### ACTIVITY
The response has to reproduce all entries exactly while excluding their pictures.

(Records from a dataset)
------------------------------------------------------------

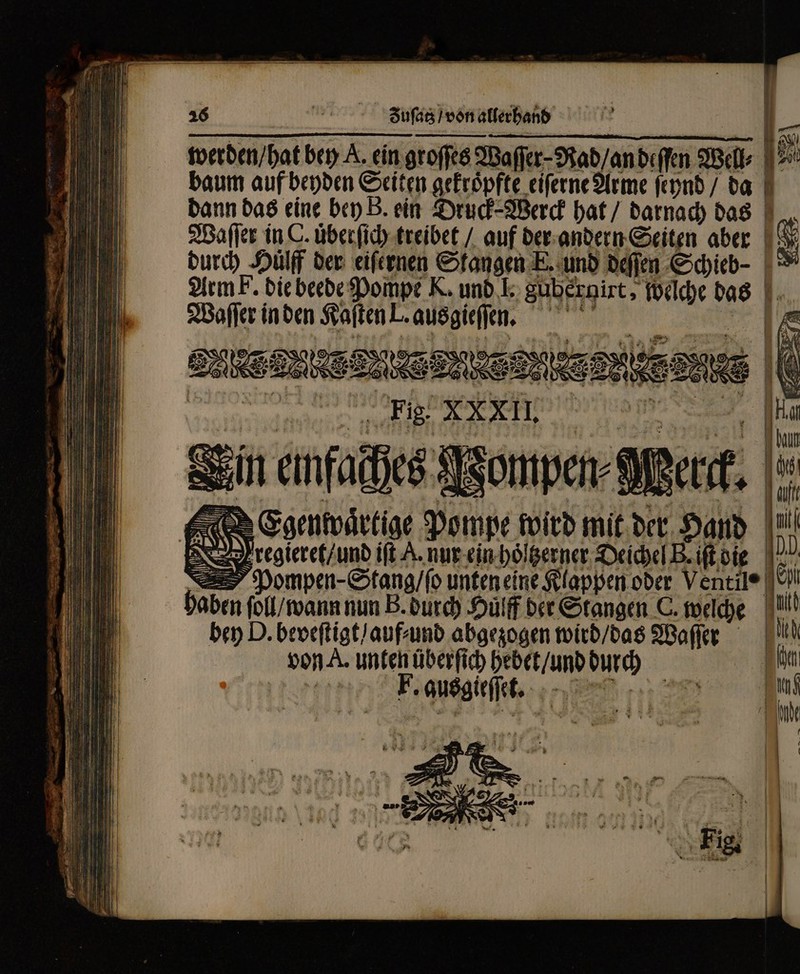 46 | 72 Zuſatz / von allerhand werden / hat bey A. ein groſſes Waſſer⸗Rad / an deſſen Well⸗ baum auf beyden Seiten gekroͤpfte eiſerne Arme ſeynd / da dann das eine bey B. ein Druck⸗Werck hat / darnach das Waſſer in C. überſich treibet / auf der andern Seiten aber $ durch Hülff der eiſernen Stangen E. und deſſen Schieb- | Arm F. die beede Pompe K. und J. gubernirt, welche das Waſſer in den Kaſten L. ausgieſſen. «uer | e ee ee eee gin avais egieret / und it A. nur ein bolgerner Deichel B. iſt die Pompen-Stang / ſo unten eine Klappen oder Ventile | haben ſoll / wann nun B. durch Hülff der Stangen C. welche bey D. beveſtigt / auf und abgezogen wird / das Wafler | von A. unten überſich hebe / und durch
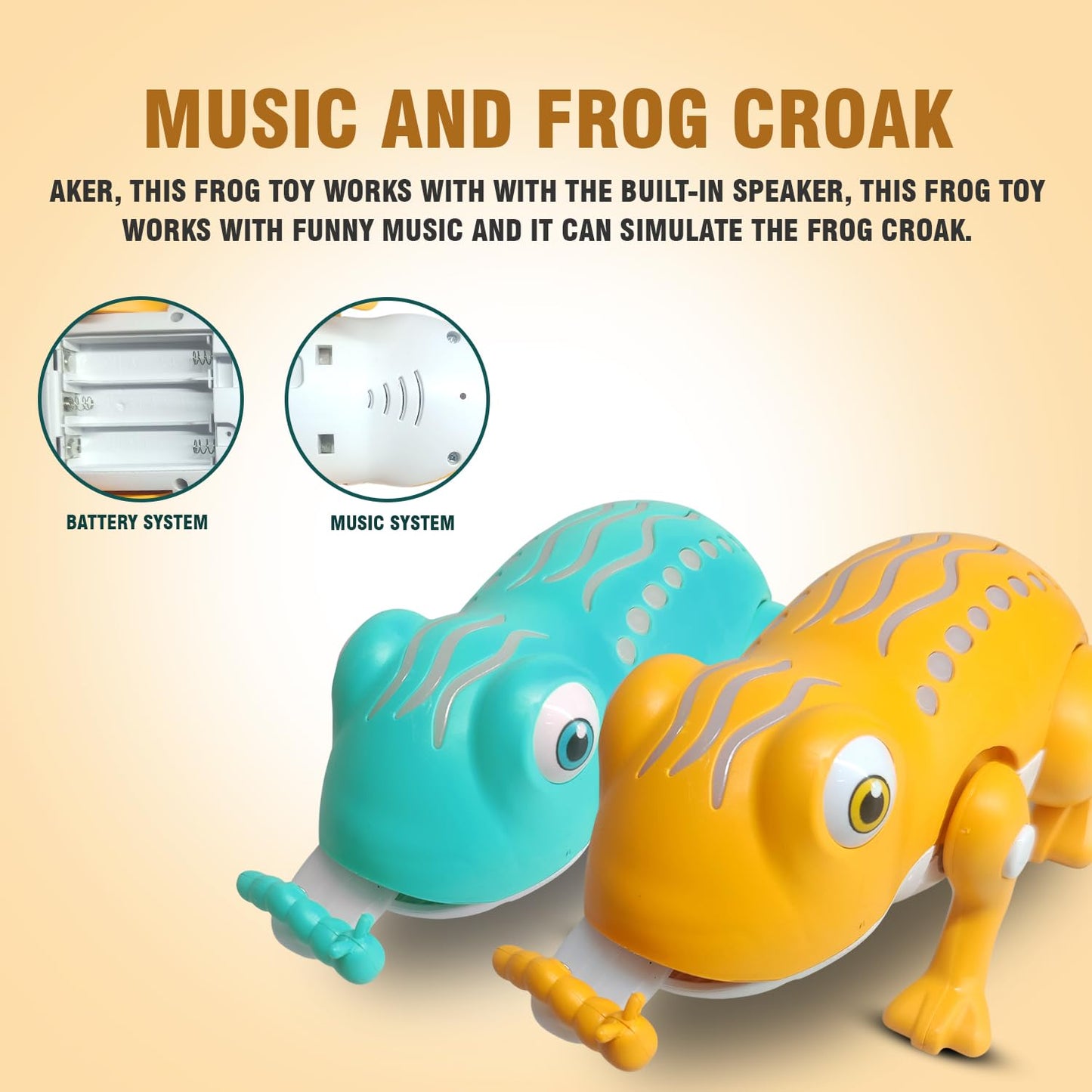 Funny Frog Toy for Kids with Light, Music, Tongue Stretch and Beat Action. Assorted Colours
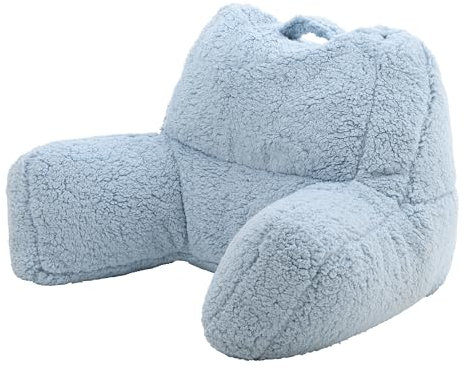 icon Teddy Bear Fluffy Fleece Cuddle Cushion, Mineral Blue, Reading Pillow, Back Support Cushion, Back Support Pillow for Bed with Bead filling included, Ideal as a backrest for sitting up in bed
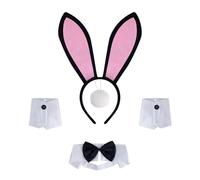 MZRAN Rabbits Ears Headband Collar Bowtie Cuff Bunnies Tail For Halloween Cosplay Party Easter Bunnies Costume Set For Women Halloween Cosplay Costumes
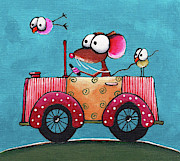 The Pink Car Painting by Lucia Stewart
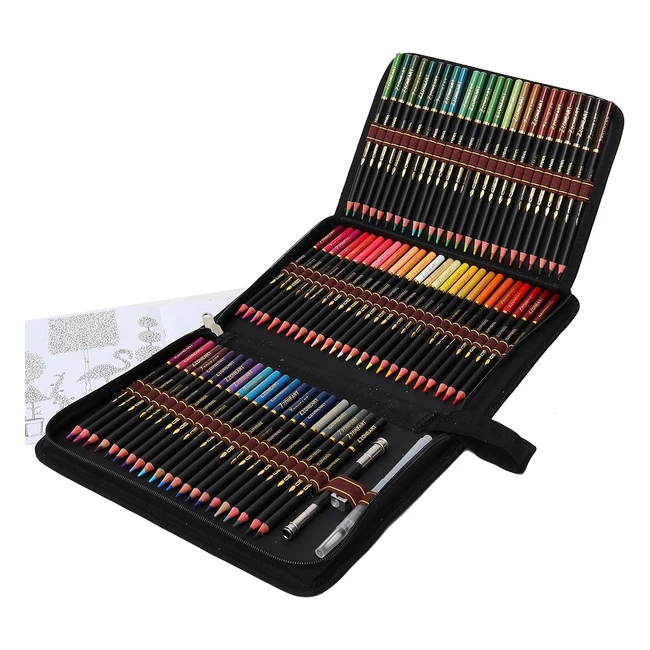 Set de 72 crayons aquarellables Wrkey avec systme anticasse - Idal pour enfa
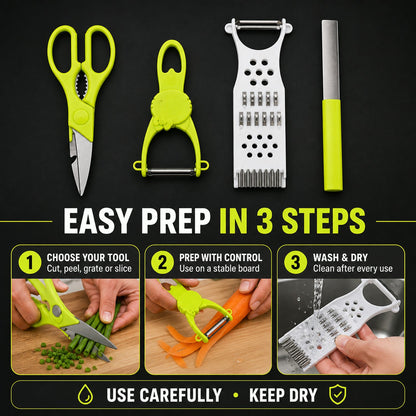 Kitchen Cutting set – 4-Piece Stainless Steel Multi-Tool Kit – view 9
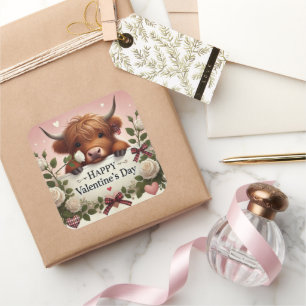 Highland Cow Valentine With White Roses Square Sticker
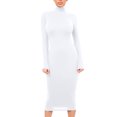 thumbnail image 2 of Gspmoly Robes d'Été pour Femmes 2025, Mode Femme Robe Longue Ajustée à Col Montant à Manches Longues Robe de Couleur Unie Robes de Cocktail Économies d'Été, 2 of 7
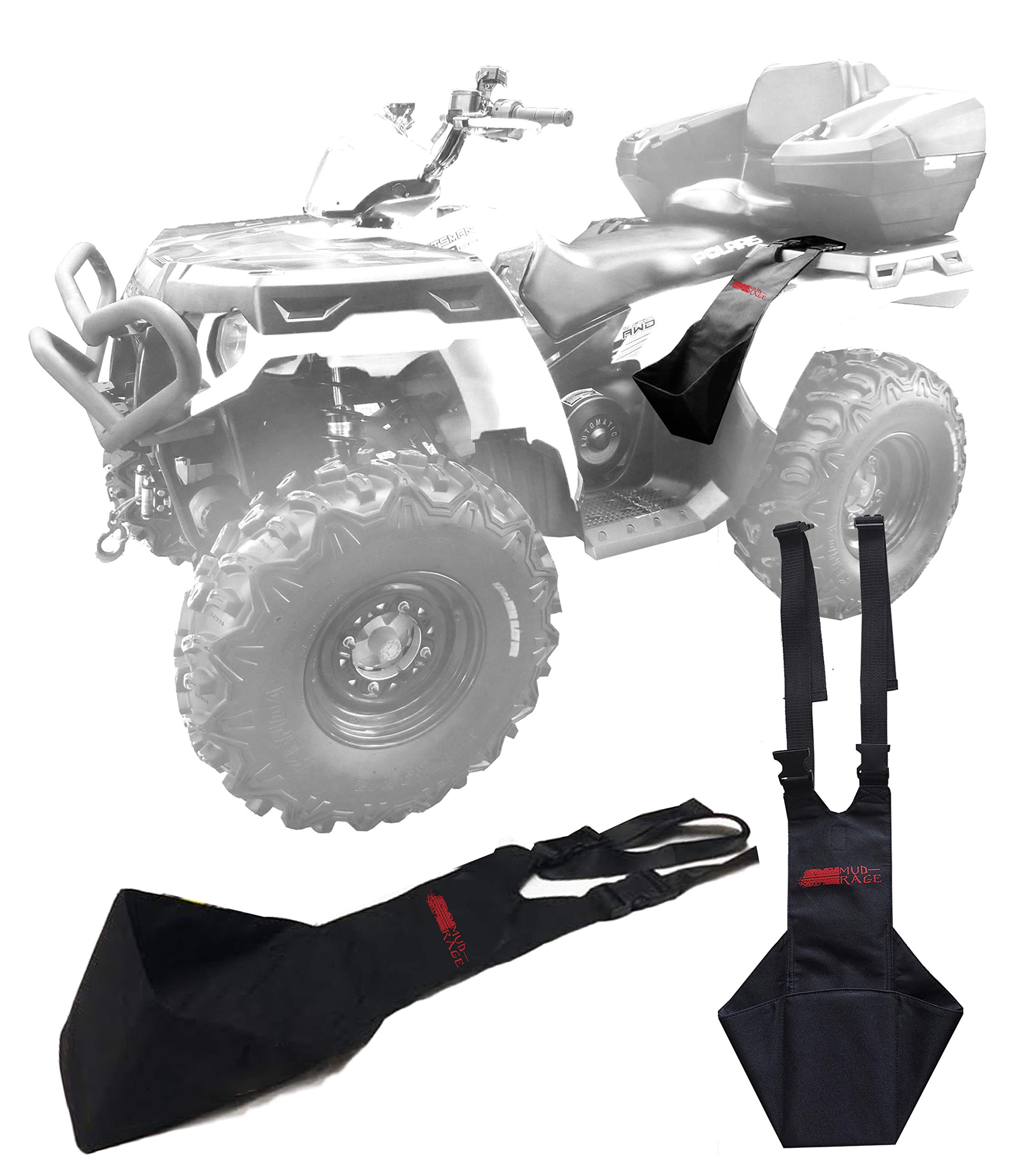 MUD RAGE 2pc ATV Rear Passenger Foot Pegs Universal Adjustable Foldable Made with Kevlar ATV Foot Rests Heavy Duty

------------------------------------------------------------

### TASK RESPONSE
 46 | 72 Zuſatz / von allerhand werden / hat bey A. ein groſſes Waſſer⸗Rad / an deſſen Well⸗ baum auf beyden Seiten gekroͤpfte eiſerne Arme ſeynd / da dann das eine bey B. ein Druck⸗Werck hat / darnach das Waſſer in C. überſich treibet / auf der andern Seiten aber $ durch Hülff der eiſernen Stangen E. und deſſen Schieb- | Arm F. die beede Pompe K. und J. gubernirt, welche das Waſſer in den Kaſten L. ausgieſſen. «uer | e ee ee eee gin avais egieret / und it A. nur ein bolgerner Deichel B. iſt die Pompen-Stang / ſo unten eine Klappen oder Ventile | haben ſoll / wann nun B. durch Hülff der Stangen C. welche bey D. beveſtigt / auf und abgezogen wird / das Wafler | von A. unten überſich hebe / und durch
 Funny Frog Toy for Kids with Light, Music, Tongue Stretch and Beat Action. Assorted Colours
 icon Teddy Bear Fluffy Fleece Cuddle Cushion, Mineral Blue, Reading Pillow, Back Support Cushion, Back Support Pillow for Bed with Bead filling included, Ideal as a backrest for sitting up in bed
 MZRAN Rabbits Ears Headband Collar Bowtie Cuff Bunnies Tail For Halloween Cosplay Party Easter Bunnies Costume Set For Women Halloween Cosplay Costumes
 The Pink Car Painting by Lucia Stewart
 Set de 72 crayons aquarellables Wrkey avec systme anticasse - Idal pour enfa
 Kitchen Cutting set – 4-Piece Stainless Steel Multi-Tool Kit – view 9
 Highland Cow Valentine With White Roses Square Sticker
 thumbnail image 2 of Gspmoly Robes d'Été pour Femmes 2025, Mode Femme Robe Longue Ajustée à Col Montant à Manches Longues Robe de Couleur Unie Robes de Cocktail Économies d'Été, 2 of 7
 MUD RAGE 2pc ATV Rear Passenger Foot Pegs Universal Adjustable Foldable Made with Kevlar ATV Foot Rests Heavy Duty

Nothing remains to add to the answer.